-- Work request --
Repeat the entries without change, omitting the pictures.

++++++++++++++++++++

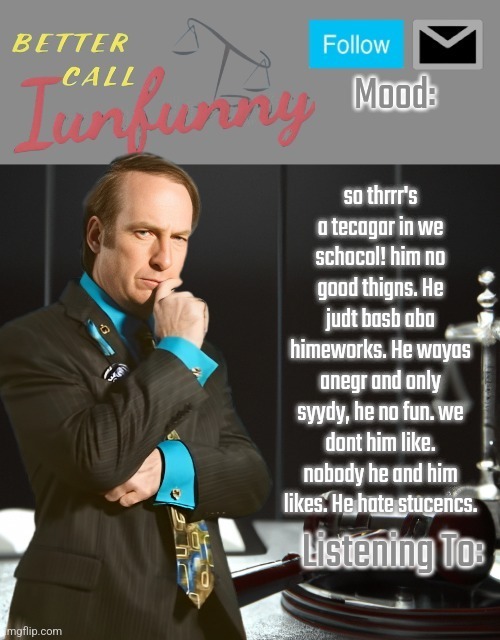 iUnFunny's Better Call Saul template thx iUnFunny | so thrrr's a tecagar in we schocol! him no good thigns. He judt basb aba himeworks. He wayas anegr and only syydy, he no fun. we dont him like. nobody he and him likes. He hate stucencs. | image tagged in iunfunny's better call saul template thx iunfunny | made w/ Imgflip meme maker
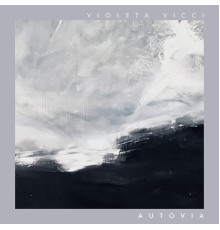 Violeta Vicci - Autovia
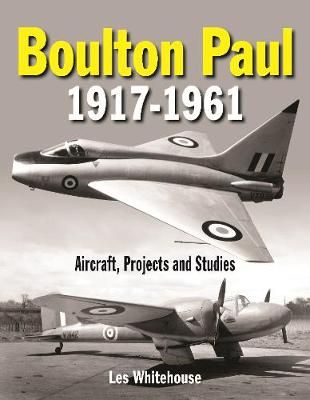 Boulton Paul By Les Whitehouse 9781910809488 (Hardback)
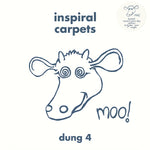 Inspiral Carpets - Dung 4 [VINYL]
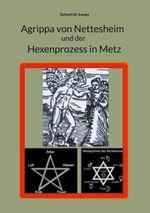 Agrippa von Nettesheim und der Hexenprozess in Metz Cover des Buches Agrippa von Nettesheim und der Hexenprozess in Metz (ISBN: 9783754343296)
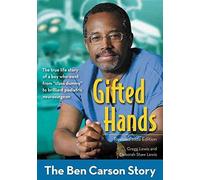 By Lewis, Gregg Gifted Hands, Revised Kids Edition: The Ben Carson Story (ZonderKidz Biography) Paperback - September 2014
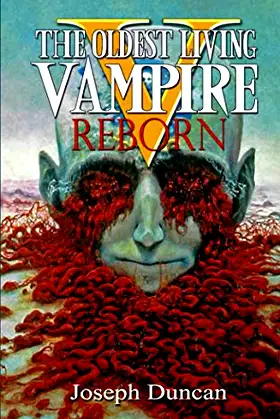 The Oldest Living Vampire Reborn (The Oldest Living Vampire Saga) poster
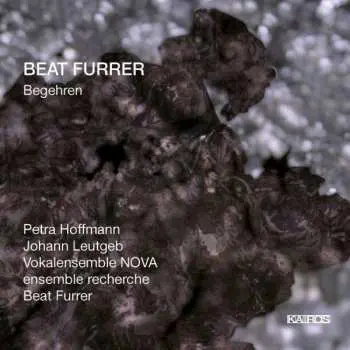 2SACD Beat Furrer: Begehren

++++++++++++++++++++

-- Output below --
 iUnFunny's Better Call Saul template thx iUnFunny | so thrrr's a tecagar in we schocol! him no good thigns. He judt basb aba himeworks. He wayas anegr and only syydy, he no fun. we dont him like. nobody he and him likes. He hate stucencs. | image tagged in iunfunny's better call saul template thx iunfunny | made w/ Imgflip meme maker
 Violeta Vicci - Autovia
 Boulton Paul By Les Whitehouse 9781910809488 (Hardback)
 Inspiral Carpets - Dung 4 [VINYL]
 Agrippa von Nettesheim und der Hexenprozess in Metz Cover des Buches Agrippa von Nettesheim und der Hexenprozess in Metz (ISBN: 9783754343296)
 By Lewis, Gregg Gifted Hands, Revised Kids Edition: The Ben Carson Story (ZonderKidz Biography) Paperback - September 2014
 The Oldest Living Vampire Reborn (The Oldest Living Vampire Saga) poster
 2SACD Beat Furrer: Begehren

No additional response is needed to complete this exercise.